This interview is provided for archival purposes. The listing is not currently active.

Q: Describe what you publish in 25 characters or less.

A: Diverse voices

Q: What other current publications (or publishers) do you admire most?

A: Caketrain, Versal, PANK, Bataeu, A cappella Zoo, Barn Owl Review, Boxcar Poetry Review, make/shift

Q: What sets your publication apart from others that publish similar material?

A: Weave seeks to publish a diverse set of voices that are often underrepresented.

Q: What is the best advice you can give people who are considering submitting work to your publication?

A: Read our guidelines carefully and try to get an idea of what we are looking for. Read an issue before you submit or read sample work which is linked on the front page of our website. Submitters should, at the very least, read what is on our site.

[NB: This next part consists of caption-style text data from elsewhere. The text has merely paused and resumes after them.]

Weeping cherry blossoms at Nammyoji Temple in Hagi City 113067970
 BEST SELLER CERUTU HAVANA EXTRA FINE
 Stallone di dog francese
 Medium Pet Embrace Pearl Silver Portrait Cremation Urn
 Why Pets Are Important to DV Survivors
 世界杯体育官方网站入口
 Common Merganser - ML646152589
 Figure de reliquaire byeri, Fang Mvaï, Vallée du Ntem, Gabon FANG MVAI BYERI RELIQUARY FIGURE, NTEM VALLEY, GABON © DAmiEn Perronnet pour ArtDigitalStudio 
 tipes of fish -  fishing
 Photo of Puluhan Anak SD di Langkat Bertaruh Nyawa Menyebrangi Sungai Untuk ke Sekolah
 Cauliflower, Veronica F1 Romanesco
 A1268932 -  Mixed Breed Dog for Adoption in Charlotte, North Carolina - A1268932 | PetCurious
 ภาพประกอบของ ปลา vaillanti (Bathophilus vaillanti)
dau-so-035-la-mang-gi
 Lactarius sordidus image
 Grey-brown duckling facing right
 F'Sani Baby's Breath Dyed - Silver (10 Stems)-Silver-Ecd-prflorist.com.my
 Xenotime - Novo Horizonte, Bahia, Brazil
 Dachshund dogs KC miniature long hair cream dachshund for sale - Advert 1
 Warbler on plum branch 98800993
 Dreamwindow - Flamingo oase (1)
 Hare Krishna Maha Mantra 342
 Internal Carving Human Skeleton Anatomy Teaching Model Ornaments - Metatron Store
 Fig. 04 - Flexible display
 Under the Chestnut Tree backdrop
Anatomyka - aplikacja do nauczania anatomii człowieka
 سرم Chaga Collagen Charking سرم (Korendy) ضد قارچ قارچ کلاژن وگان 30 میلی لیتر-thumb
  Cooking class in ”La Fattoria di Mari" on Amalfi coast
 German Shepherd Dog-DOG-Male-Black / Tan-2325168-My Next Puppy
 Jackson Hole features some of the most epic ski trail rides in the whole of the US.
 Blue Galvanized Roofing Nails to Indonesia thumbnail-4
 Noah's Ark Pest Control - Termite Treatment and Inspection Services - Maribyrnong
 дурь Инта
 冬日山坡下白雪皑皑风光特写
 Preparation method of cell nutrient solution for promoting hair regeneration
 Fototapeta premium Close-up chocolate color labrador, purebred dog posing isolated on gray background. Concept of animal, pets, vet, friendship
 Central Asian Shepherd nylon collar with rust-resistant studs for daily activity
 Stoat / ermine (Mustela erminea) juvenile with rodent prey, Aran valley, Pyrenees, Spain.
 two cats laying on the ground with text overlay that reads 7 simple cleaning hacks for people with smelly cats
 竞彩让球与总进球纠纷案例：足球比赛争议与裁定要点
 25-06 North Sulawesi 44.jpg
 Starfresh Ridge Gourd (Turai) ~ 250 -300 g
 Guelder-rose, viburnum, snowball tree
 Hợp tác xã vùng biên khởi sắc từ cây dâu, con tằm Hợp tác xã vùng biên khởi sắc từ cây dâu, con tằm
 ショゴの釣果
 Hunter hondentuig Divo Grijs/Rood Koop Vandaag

Q: Describe the ideal submission.

A: The ideal submission could be any or all of the following: thoughtful, surprising, earthy, pro-women, experimental, smart, use language in a new way, make the reader taste/smell/feel/become the story or poem.

Q: What do submitters most often get wrong about your submissions process?

A: People most often do not read our guidelines and send submissions via email. We use a submissions manager and do not accept submissions via email.

Q: How much do you want to know about the person submitting to you?

A: A short bio will suffice with your five most recent publications.

Q: If you publish writing, how much of a piece do you read before making the decision to reject it?

A: Assuming that the submission follows our guidelines, at least one of our editors will read through a submission in its entirety before a decision to reject is made.

Q: What additional evaluations, if any, does a piece go through before it is accepted?

A: We often get submissions that are blatantly anti-women, bigoted or pornographic. We do not publish this kind of work. We would consider work that thoughtfully considers the issues of misogyny, racism, homophobia, sexuality, etc. and justifies them within the context of the piece.

Q: What is a day in the life of an editor like for you?

A: Well, first we arise from our nests made of submissions we've rejected and drink a hot cup of the tears of frustrated writers. Then we dress all in black and make sure that wherever we are going, we have with us our Magical Staffs of Rejection and Acceptance that divine for us whether a submission is worthy of publication or not. Throughout the day we alternately kick puppies and save kittens from trees, depending on whether we think a good poem could be written about the situation. At night we meet with our secret coven of editors and plot how we shall take over the world with our 300-print-run journals. The plan primarily involves lots of paper cuts.